**ASSIGNMENT:** The entire listing that follows must be repeated exactly, pictures excluded.

*****

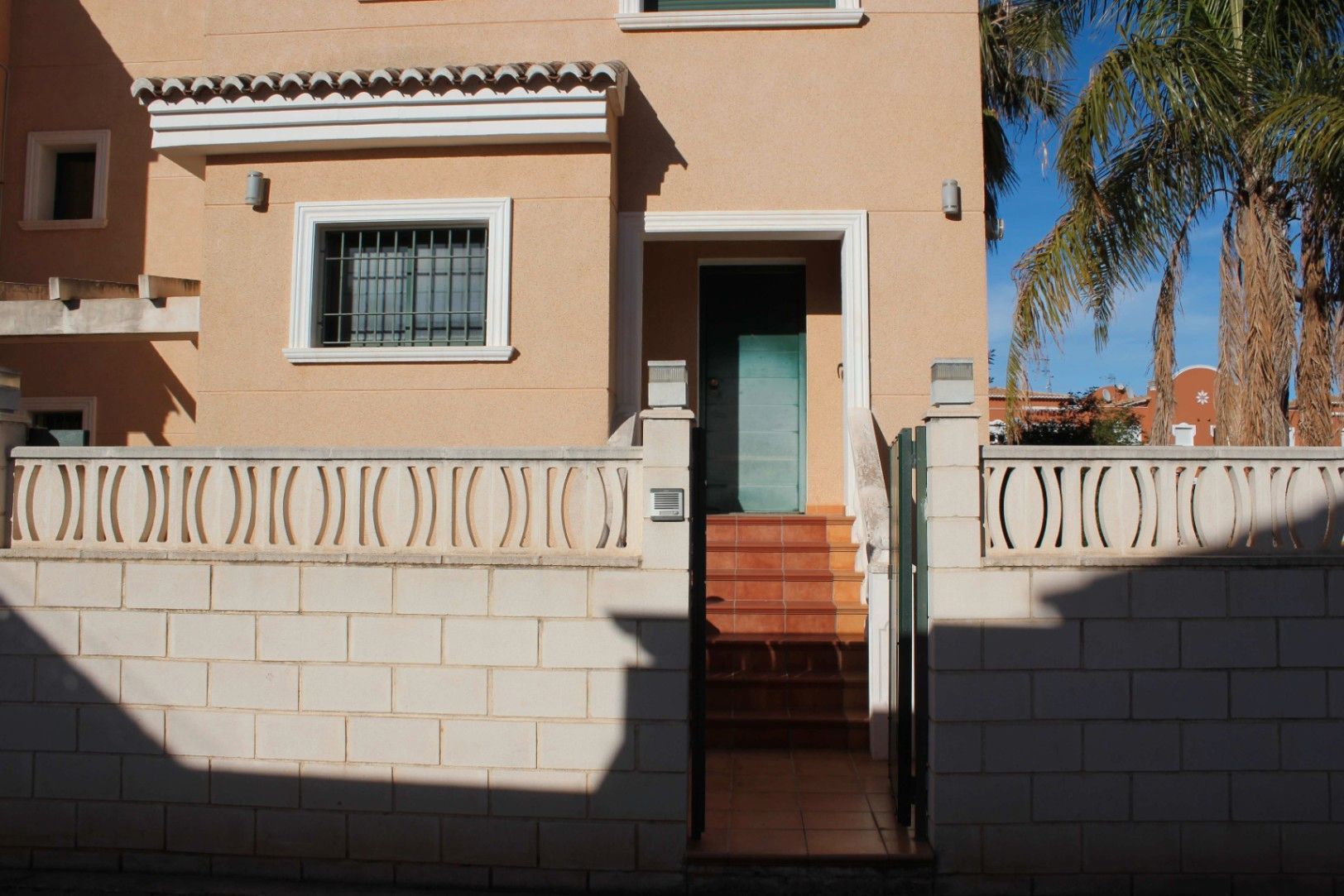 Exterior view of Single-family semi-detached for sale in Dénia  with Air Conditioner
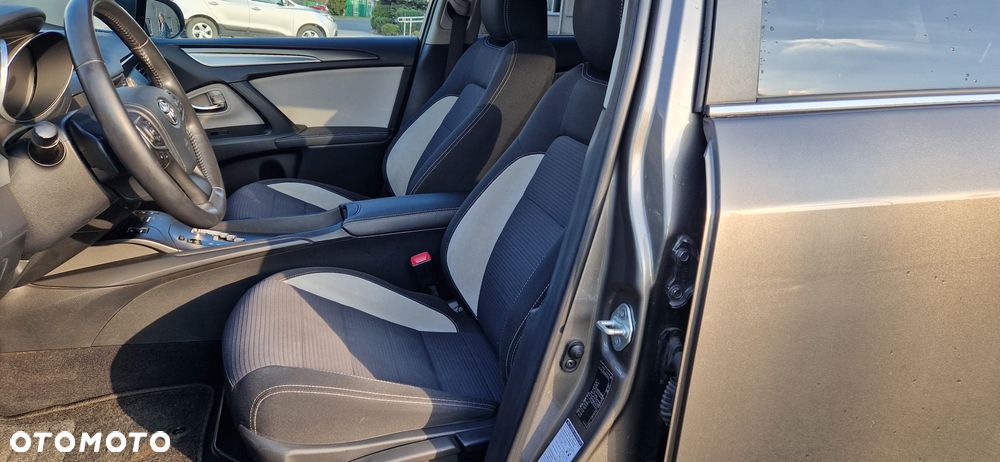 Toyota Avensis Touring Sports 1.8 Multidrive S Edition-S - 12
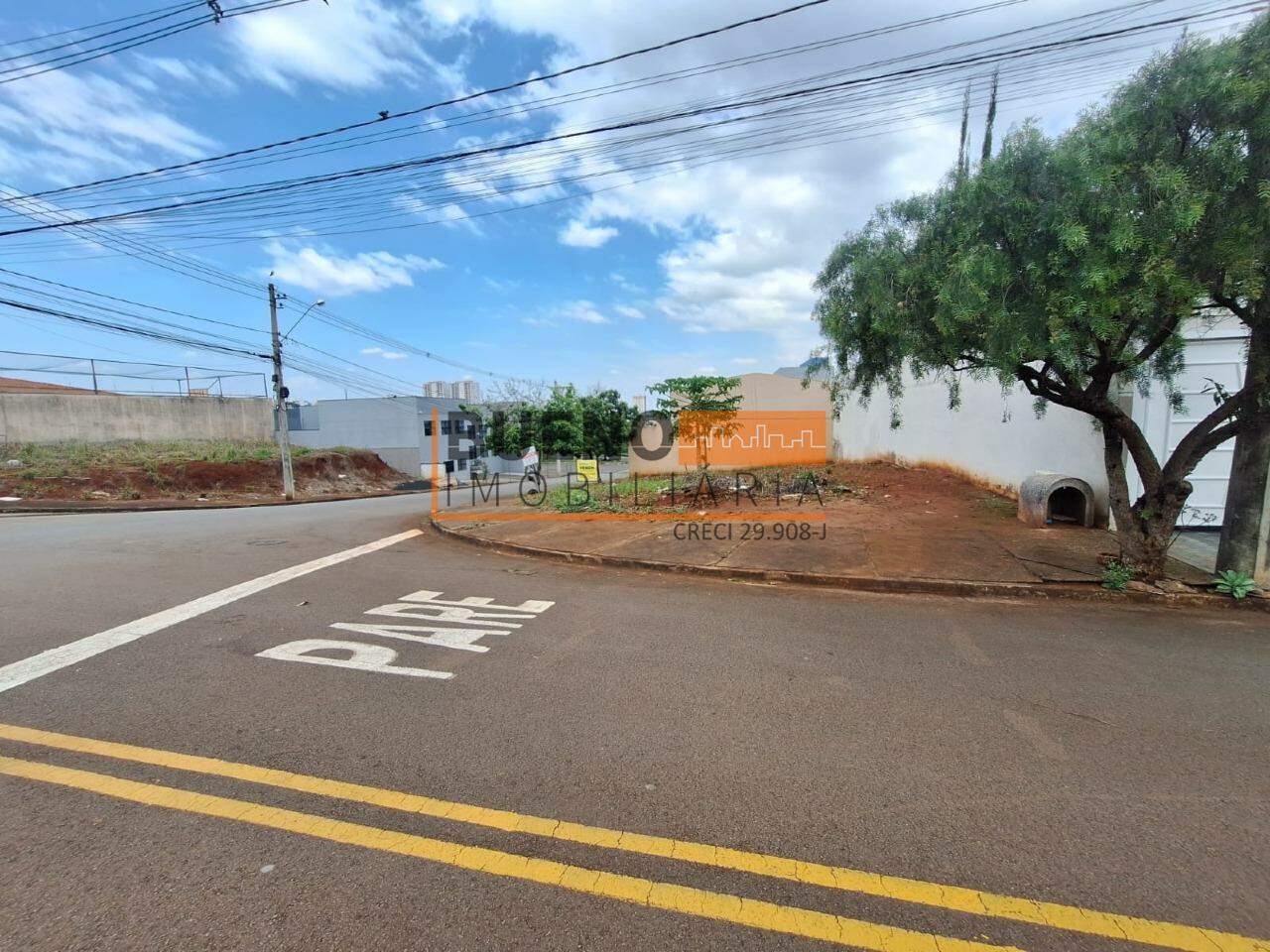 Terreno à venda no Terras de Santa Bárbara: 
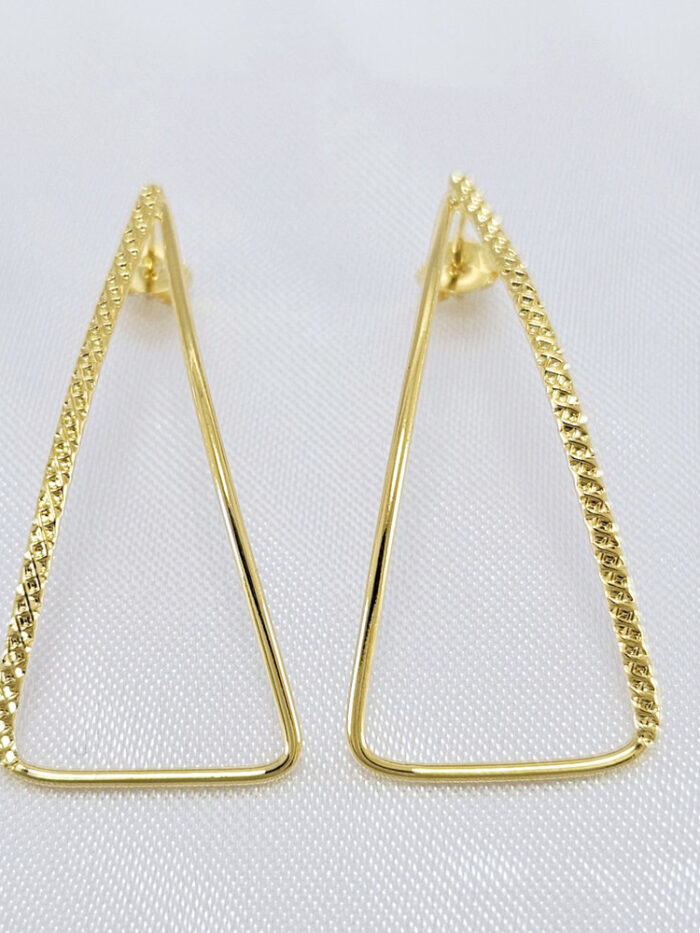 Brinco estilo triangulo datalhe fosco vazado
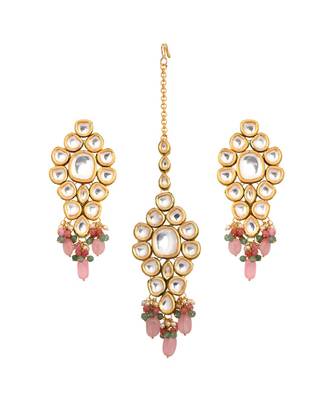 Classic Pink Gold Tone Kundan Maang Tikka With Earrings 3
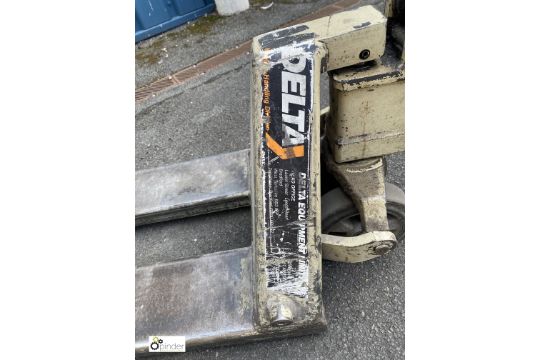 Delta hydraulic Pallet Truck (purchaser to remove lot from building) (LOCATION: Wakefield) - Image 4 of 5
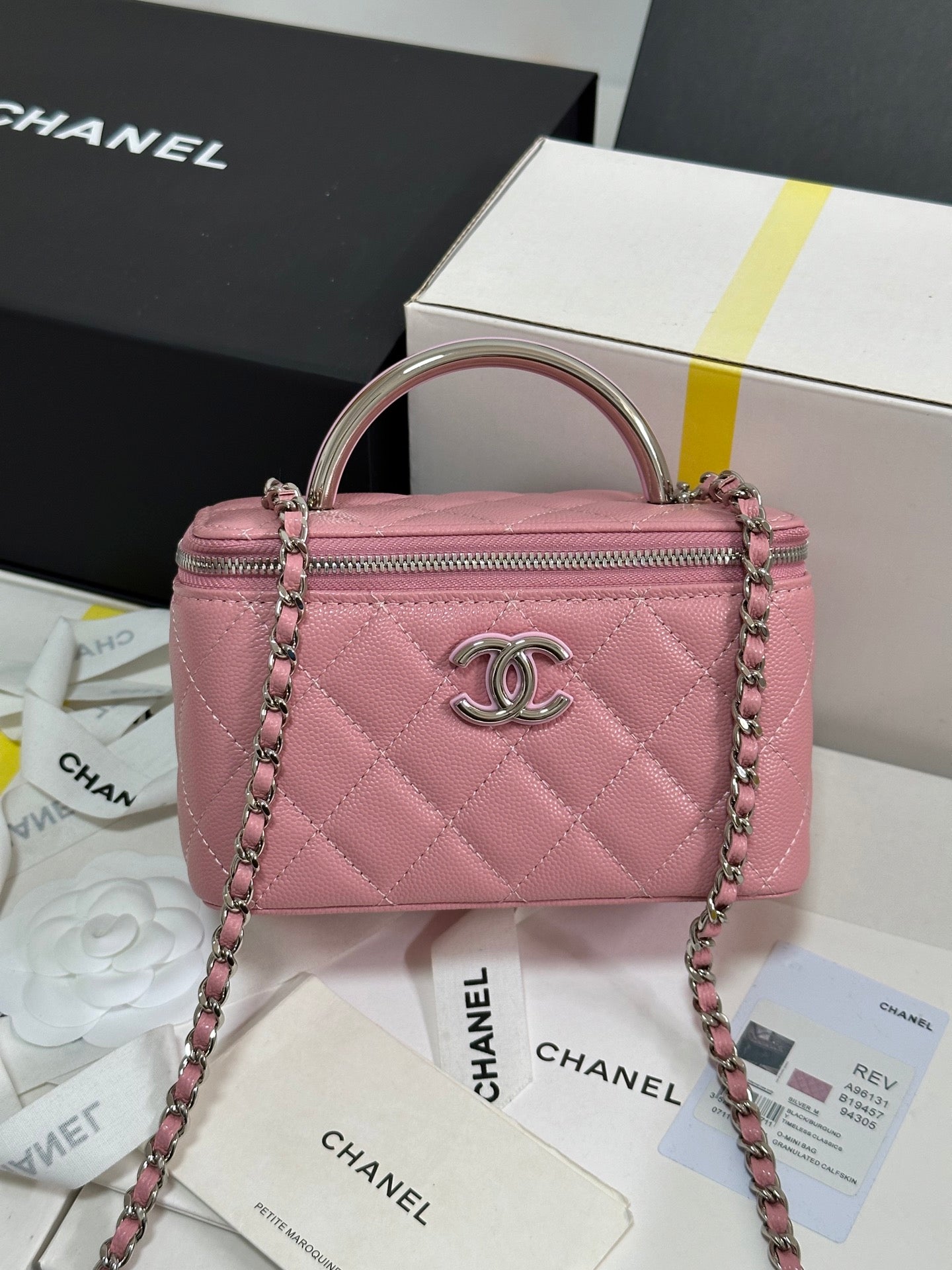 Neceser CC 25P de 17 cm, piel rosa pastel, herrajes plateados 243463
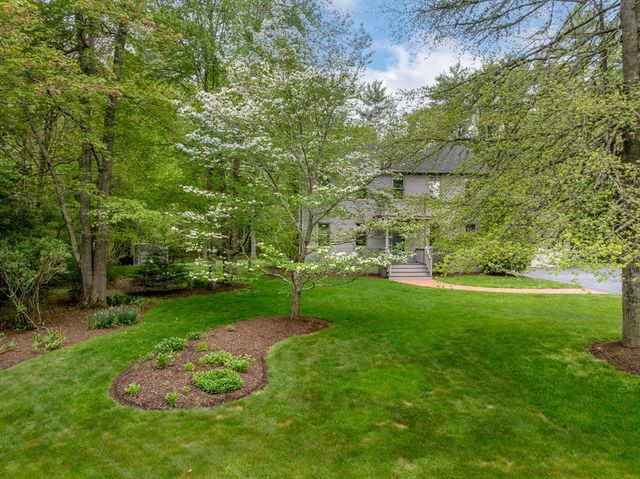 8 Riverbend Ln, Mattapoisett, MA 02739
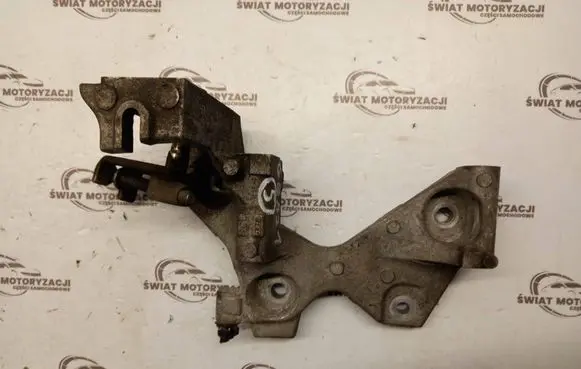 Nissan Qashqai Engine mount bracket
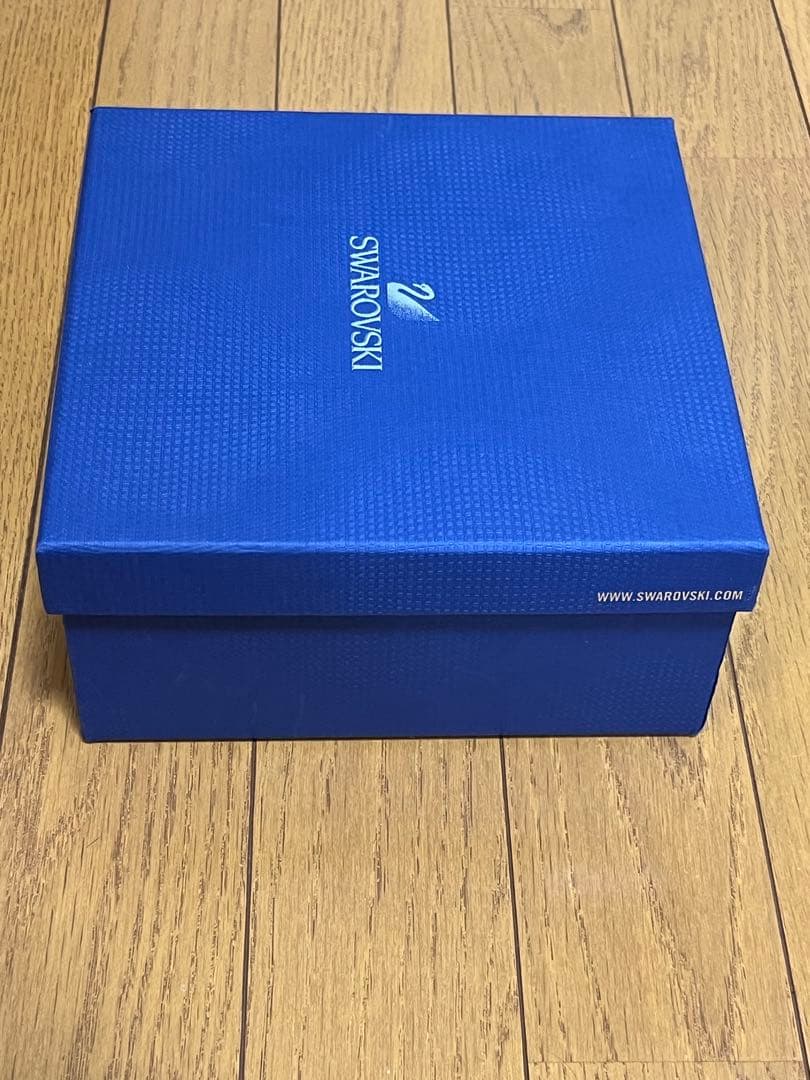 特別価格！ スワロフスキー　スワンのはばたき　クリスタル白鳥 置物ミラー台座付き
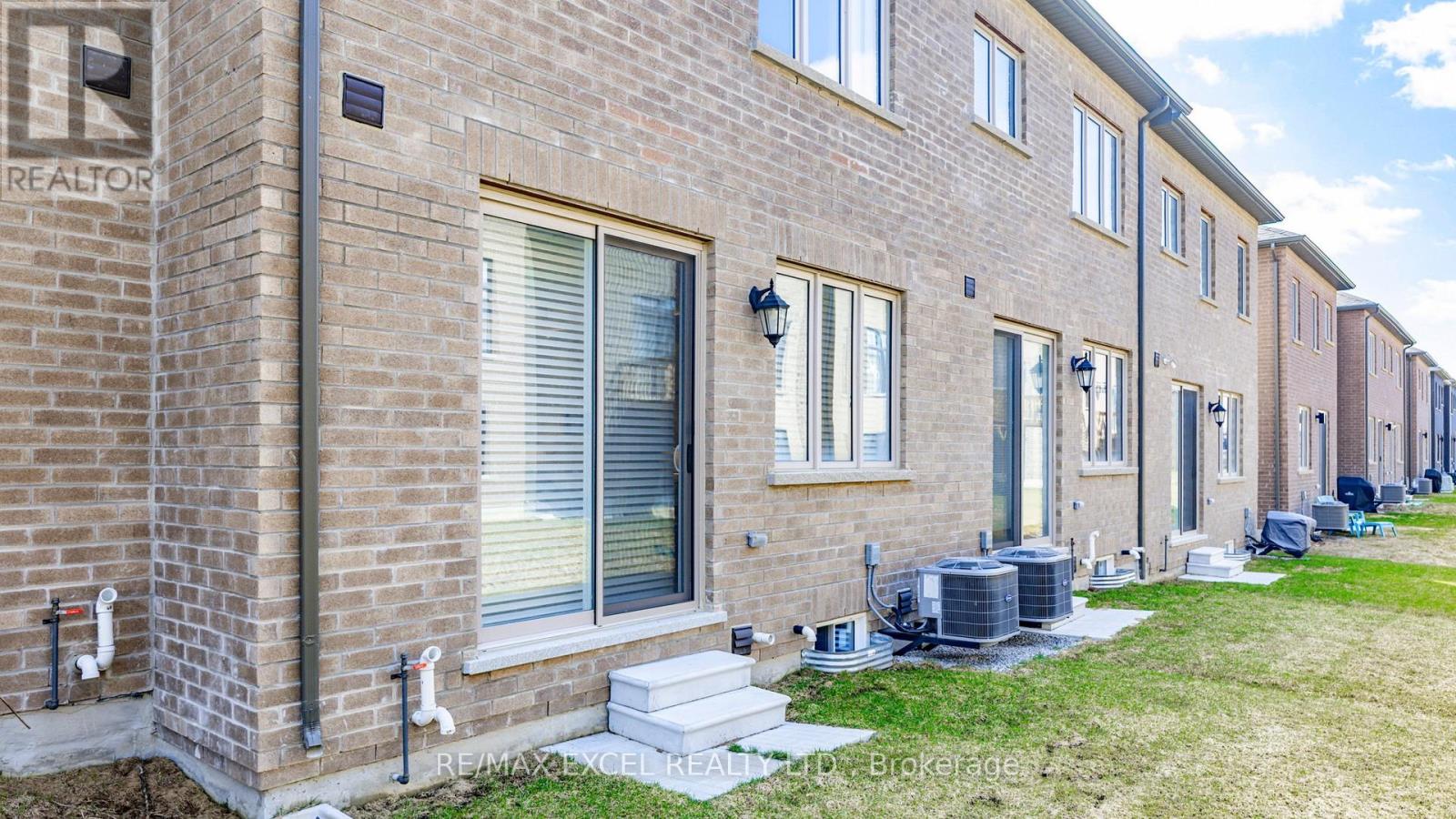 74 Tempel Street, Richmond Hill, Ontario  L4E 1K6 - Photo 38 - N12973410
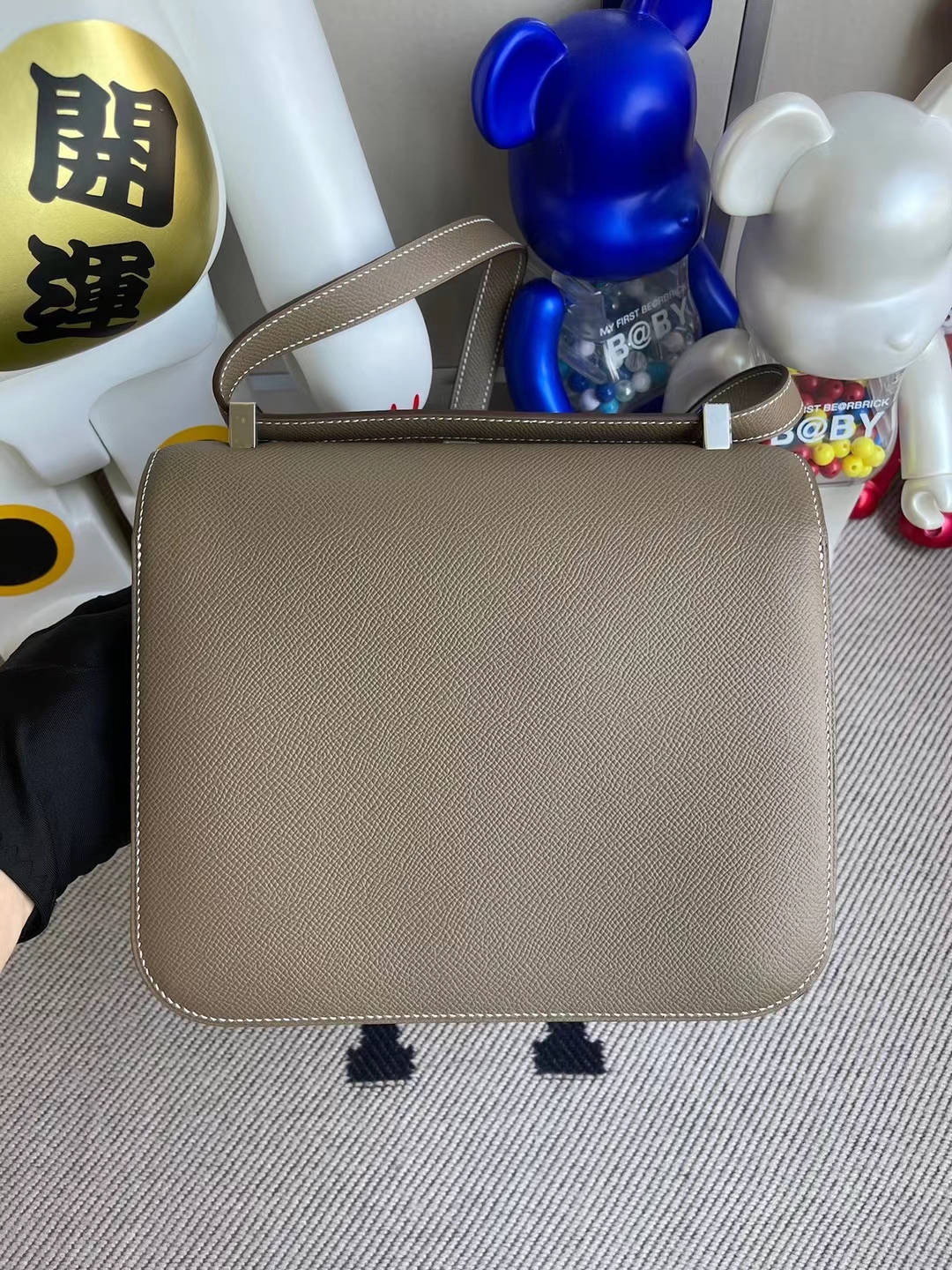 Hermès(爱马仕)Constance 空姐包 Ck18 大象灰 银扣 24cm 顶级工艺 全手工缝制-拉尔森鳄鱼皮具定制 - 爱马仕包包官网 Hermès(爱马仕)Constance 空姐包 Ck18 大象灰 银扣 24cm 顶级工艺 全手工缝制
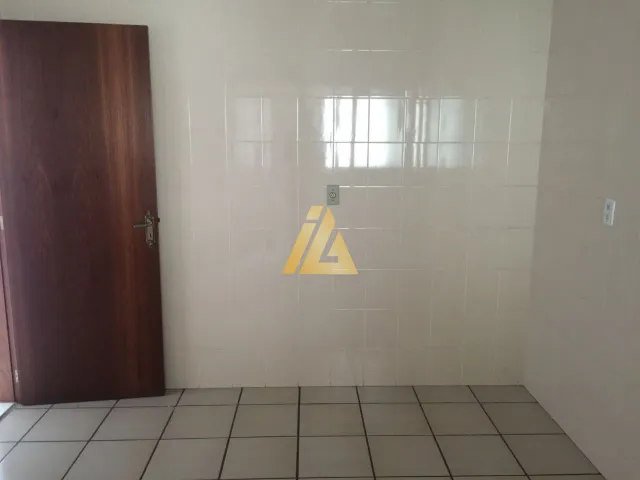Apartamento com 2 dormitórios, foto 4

*****

**RESULT:**
 Exterior view of Single-family semi-detached for sale in Dénia  with Air Conditioner
 Toyota Avensis Touring Sports 1.8 Multidrive S Edition-S - 12
 Terreno à venda no Terras de Santa Bárbara: 
 Brinco estilo triangulo datalhe fosco vazado
 Classic Pink Gold Tone Kundan Maang Tikka With Earrings 3
 Delta hydraulic Pallet Truck (purchaser to remove lot from building) (LOCATION: Wakefield) - Image 4 of 5
 Neceser CC 25P de 17 cm, piel rosa pastel, herrajes plateados 243463
 8 Riverbend Ln, Mattapoisett, MA 02739
 Nissan Qashqai Engine mount bracket
 特別価格！ スワロフスキー　スワンのはばたき　クリスタル白鳥 置物ミラー台座付き
 74 Tempel Street, Richmond Hill, Ontario  L4E 1K6 - Photo 38 - N12973410
 Hermès(爱马仕)Constance 空姐包 Ck18 大象灰 银扣 24cm 顶级工艺 全手工缝制-拉尔森鳄鱼皮具定制 - 爱马仕包包官网 Hermès(爱马仕)Constance 空姐包 Ck18 大象灰 银扣 24cm 顶级工艺 全手工缝制
Apartamento com 2 dormitórios, foto 4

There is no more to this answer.